━━━━━ Given data ━━━━━

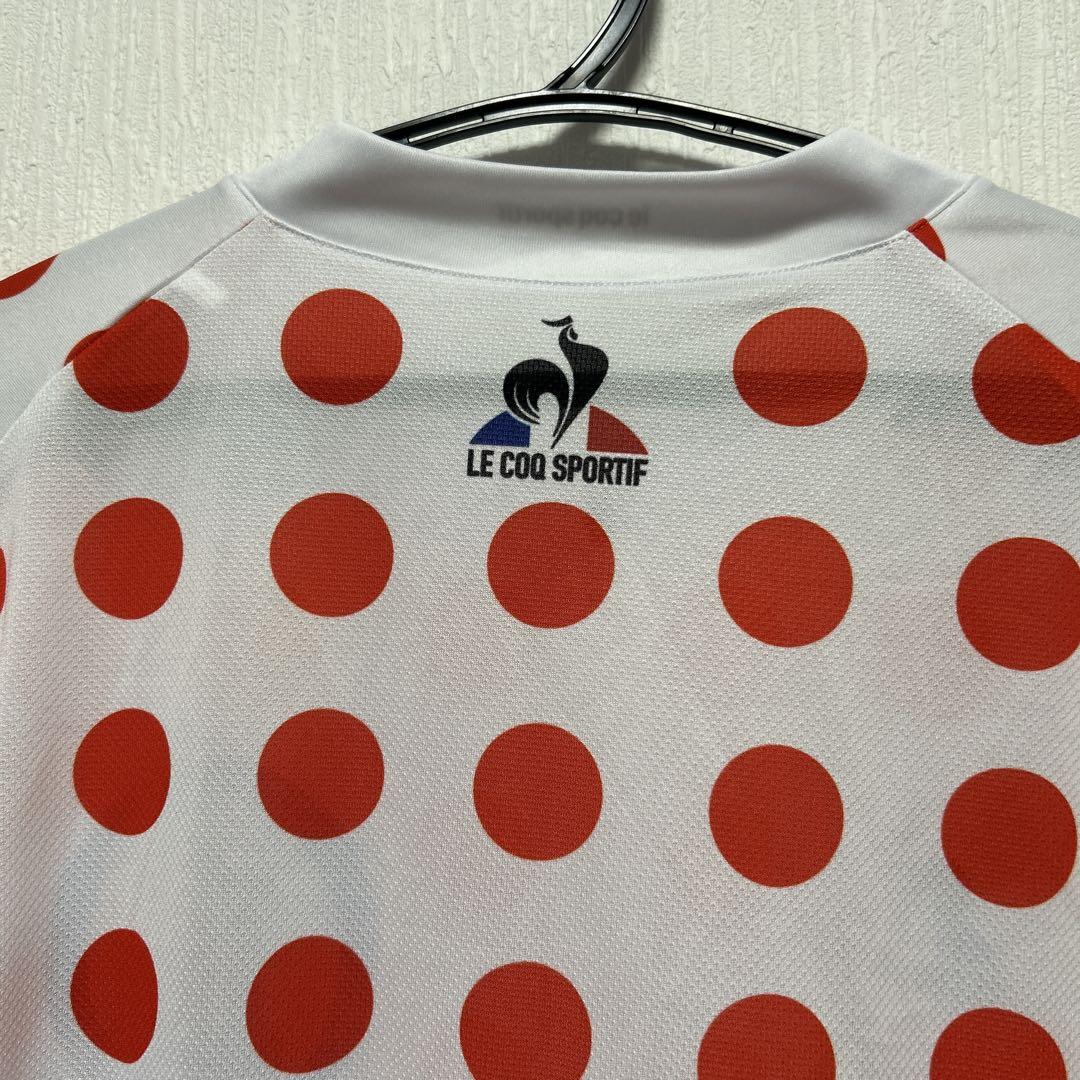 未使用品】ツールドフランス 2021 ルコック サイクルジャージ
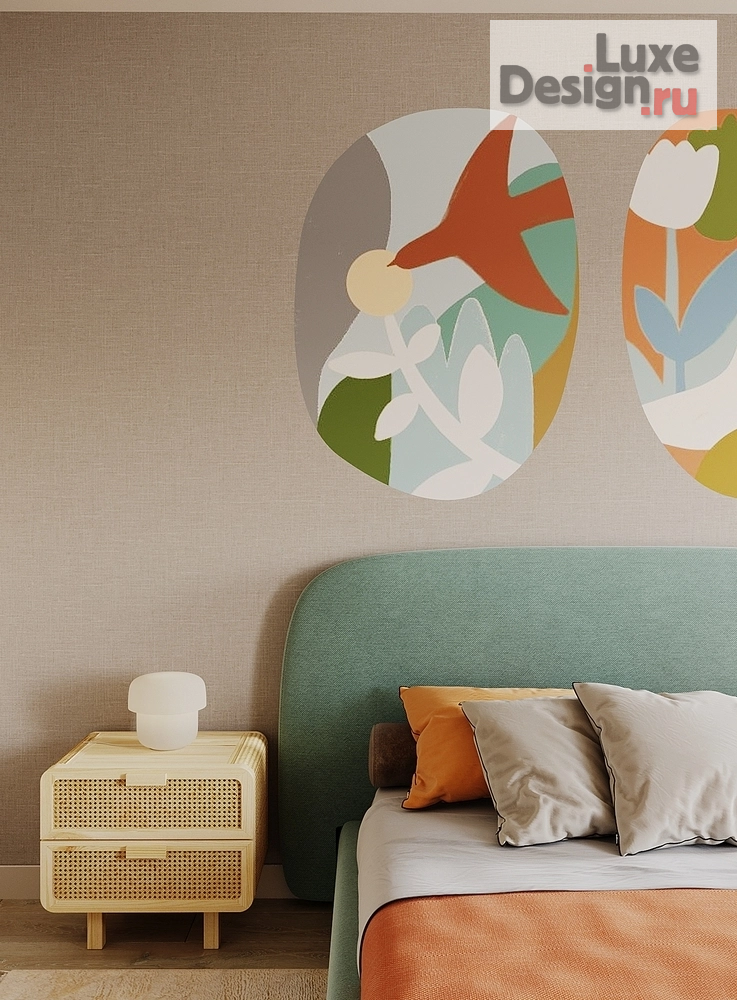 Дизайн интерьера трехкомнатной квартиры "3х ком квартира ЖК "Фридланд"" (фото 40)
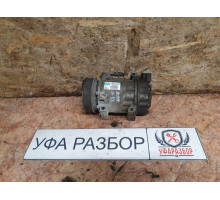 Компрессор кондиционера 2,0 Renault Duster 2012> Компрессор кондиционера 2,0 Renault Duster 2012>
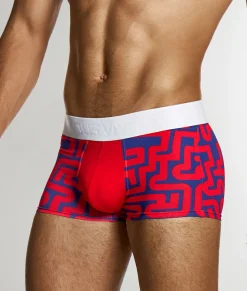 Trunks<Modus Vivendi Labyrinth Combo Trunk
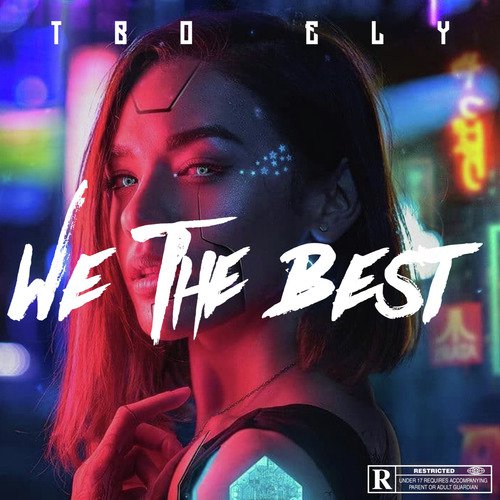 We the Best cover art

━━━━━

Minus its pictures, the full listing should be copied verbatim.

 未使用品】ツールドフランス 2021 ルコック サイクルジャージ
 Дизайн интерьера трехкомнатной квартиры "3х ком квартира ЖК "Фридланд"" (фото 40)
 Компрессор кондиционера 2,0 Renault Duster 2012> Компрессор кондиционера 2,0 Renault Duster 2012>
 Trunks<Modus Vivendi Labyrinth Combo Trunk
 We the Best cover art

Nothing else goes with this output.